Professor Butter Beard and the Scarlet “Doctor Faustus”

Color illustration from “The Remarkable Life of Doctor Faustus,” 1823, Dean and Munday Publishing, London.

“If the truth were to be known, everyone would be wearing a scarlet letter of one form or another.” – Nathaniel Hawthorne

My world is currently scarlet. Wednesday went on for weeks and after returning home from introducing twenty-five sleepy sophomores to the frantic passion of Van Gogh, I slid into the sofa by Nellie and turned on Turner Classic Movies just in time to see Scarlett O’Hara enter Ashley’s birthday party in one of the most fabulous scarlet gowns ever created. Thursday, after training for hours and attending on-site meetings, I escaped into PBS-ville, binging the entire fourth season of “Miss Scarlett and the Duke.” And just last night, I dressed in my most scarlet professor ensemble and attended the world premier of “The Scarlet Letter,” lavishly re-imagined for the stage by Kate Hamill.

Early this morning, I sunk deep into my reading chair, banana scone and coffee in hand, and gobbled each page of “Art of the Grimoire, An Illustrated History of Magic Books and Spells.”   I journeyed through Mesopotamian clay tablets, ancient Egyptian parchments, Arabic images of “the Red King,” Islamic magical angels, and suddenly there he was…. The mystical and magical Doctor Faustus, swirling in a scarlet robe that would make even Ms. O’Hara jealous.

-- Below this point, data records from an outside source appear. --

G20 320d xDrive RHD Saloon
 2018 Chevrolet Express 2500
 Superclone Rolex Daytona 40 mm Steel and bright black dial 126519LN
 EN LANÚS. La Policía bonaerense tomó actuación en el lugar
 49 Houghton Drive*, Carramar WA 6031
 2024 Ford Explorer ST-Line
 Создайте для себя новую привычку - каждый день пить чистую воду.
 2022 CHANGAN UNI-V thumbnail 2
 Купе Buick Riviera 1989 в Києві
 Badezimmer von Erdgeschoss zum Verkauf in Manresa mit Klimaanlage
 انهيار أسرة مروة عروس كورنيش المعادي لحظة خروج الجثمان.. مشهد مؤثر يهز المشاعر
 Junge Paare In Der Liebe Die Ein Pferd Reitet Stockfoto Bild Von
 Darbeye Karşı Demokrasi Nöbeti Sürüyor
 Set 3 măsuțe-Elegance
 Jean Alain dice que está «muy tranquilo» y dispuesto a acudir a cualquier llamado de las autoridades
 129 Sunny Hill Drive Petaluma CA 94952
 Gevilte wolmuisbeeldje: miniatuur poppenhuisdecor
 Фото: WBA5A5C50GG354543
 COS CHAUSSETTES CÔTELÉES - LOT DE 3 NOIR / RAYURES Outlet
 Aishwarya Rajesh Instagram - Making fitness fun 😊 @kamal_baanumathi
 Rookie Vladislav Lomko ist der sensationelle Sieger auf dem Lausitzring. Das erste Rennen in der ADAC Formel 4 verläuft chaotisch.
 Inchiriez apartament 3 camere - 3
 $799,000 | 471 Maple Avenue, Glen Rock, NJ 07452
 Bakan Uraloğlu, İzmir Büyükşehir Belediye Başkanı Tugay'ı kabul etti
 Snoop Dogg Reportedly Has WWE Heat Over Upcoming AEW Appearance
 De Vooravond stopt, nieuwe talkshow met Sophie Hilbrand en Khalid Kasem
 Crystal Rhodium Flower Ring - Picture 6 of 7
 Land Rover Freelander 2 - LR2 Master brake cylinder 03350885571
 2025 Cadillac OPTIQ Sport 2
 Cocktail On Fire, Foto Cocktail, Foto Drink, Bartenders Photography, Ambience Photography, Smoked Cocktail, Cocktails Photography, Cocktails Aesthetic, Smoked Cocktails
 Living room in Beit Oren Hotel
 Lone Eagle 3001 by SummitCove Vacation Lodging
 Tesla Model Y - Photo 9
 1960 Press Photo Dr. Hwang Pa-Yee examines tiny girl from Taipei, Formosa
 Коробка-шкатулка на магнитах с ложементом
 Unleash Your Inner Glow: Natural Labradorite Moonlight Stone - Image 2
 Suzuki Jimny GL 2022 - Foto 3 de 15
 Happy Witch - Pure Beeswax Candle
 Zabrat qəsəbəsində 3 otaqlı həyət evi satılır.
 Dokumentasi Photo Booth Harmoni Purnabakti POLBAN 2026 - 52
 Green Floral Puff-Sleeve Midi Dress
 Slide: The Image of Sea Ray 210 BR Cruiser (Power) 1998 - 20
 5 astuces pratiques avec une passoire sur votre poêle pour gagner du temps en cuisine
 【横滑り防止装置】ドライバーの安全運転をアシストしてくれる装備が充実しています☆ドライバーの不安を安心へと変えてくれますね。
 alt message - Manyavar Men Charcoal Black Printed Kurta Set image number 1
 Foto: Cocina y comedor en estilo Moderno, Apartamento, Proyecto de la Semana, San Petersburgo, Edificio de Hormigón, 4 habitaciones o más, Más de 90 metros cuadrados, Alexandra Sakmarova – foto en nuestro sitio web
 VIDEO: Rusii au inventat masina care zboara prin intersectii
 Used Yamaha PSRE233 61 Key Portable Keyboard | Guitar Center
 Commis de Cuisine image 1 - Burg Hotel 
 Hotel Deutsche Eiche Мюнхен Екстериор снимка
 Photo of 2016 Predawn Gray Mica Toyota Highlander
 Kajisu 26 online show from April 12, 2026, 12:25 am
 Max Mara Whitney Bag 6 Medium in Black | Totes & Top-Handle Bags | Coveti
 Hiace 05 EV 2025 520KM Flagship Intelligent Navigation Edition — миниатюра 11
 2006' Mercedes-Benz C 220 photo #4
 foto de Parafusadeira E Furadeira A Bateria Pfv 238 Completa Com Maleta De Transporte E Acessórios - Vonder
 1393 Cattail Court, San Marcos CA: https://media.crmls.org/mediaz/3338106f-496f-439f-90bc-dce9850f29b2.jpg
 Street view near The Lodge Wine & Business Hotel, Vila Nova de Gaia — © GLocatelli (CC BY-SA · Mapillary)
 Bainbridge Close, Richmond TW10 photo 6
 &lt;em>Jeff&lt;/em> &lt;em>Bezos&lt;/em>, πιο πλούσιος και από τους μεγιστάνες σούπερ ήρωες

Owen Davies writes, “Thanks to demonologists and witch-trial pamphlets, we know a great deal about the identities of popular magicians, who serviced the many fears and concerns of common people – and, more to the point, how they used print and manuscript grimoire to help their clients.” Yet, with the power of print, authors were also able to create a new generation of legendary magicians, who joined the pantheon of King Solomon, Honorius and the “Red King.”

Foremost among these new spellcasters was the notorious Dr. Faustus. The earliest description (to date) of the historical doctor appears in a letter written by abbot and occult philosopher, Johannes Trithemius (1462-1516). According to Trithemius, the real Dr. Faustus was a boastful traveling showman who called himself the “prince of necromancers.”

“He said in the presence of many people, that he had acquired such knowledge of all wisdom and such a memory, that if all the books of Plato and Aristotle, together with their whole philosophy, had totally passed from the memory of man, he himself, through his own genius, like another Hebrew Ezra, would be able to restore them all with increased beauty… that he himself could do all the things which Christ had done.” Well then!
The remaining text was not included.